JavisDiT: Joint Audio-Video Diffusion Transformer with Hierarchical Spatio-Temporal Prior Synchronization

Imagine you are directing a movie. In the old days, you'd film the scene first, then hire a sound editor to come in later and try to match the sound effects to the action. Sometimes the door slam happens a split second too late, or the dog barks before it even opens its mouth. It feels "off."

JavisDiT is like a brand-new, super-intelligent director who doesn't just film and edit separately. Instead, they dream the entire scene into existence all at once, ensuring that every sound matches the movement perfectly from the very first frame.

Here is a simple breakdown of how this paper achieves that magic:

1. The Core Idea: The "Dual-Brain" Director

Most AI systems today are like a two-person team: one person makes the video, and another person tries to guess the sound later. They often miss the beat.

JavisDiT is a single "brain" (a Diffusion Transformer) that has two hands working in perfect unison. When it thinks of a "robot fighting a dog," it doesn't just draw the robot; it simultaneously "hears" the mechanical whirring and the dog's squeak. It generates the picture and the sound together, so they are naturally locked in sync.

2. The Secret Sauce: The "Spatio-Temporal GPS"

The biggest challenge is synchronization. If a car drives by on the left, the engine noise should come from the left and start exactly when the car appears.

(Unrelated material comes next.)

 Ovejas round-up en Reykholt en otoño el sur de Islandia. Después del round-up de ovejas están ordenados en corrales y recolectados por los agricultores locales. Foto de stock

The paper introduces a special module called HiST-Sypo. Think of this as a GPS and a Script Supervisor rolled into one.

The GPS (Spatial): It tells the AI where things are happening. "The dog is in the bottom right corner."
The Script Supervisor (Temporal): It tells the AI when things happen. "The dog starts barking at second 2 and stops at second 4."

Instead of just guessing, the AI uses this "GPS" to guide the generation. It's like a conductor waving a baton, telling the visual orchestra and the audio orchestra exactly when to play their notes so they never clash.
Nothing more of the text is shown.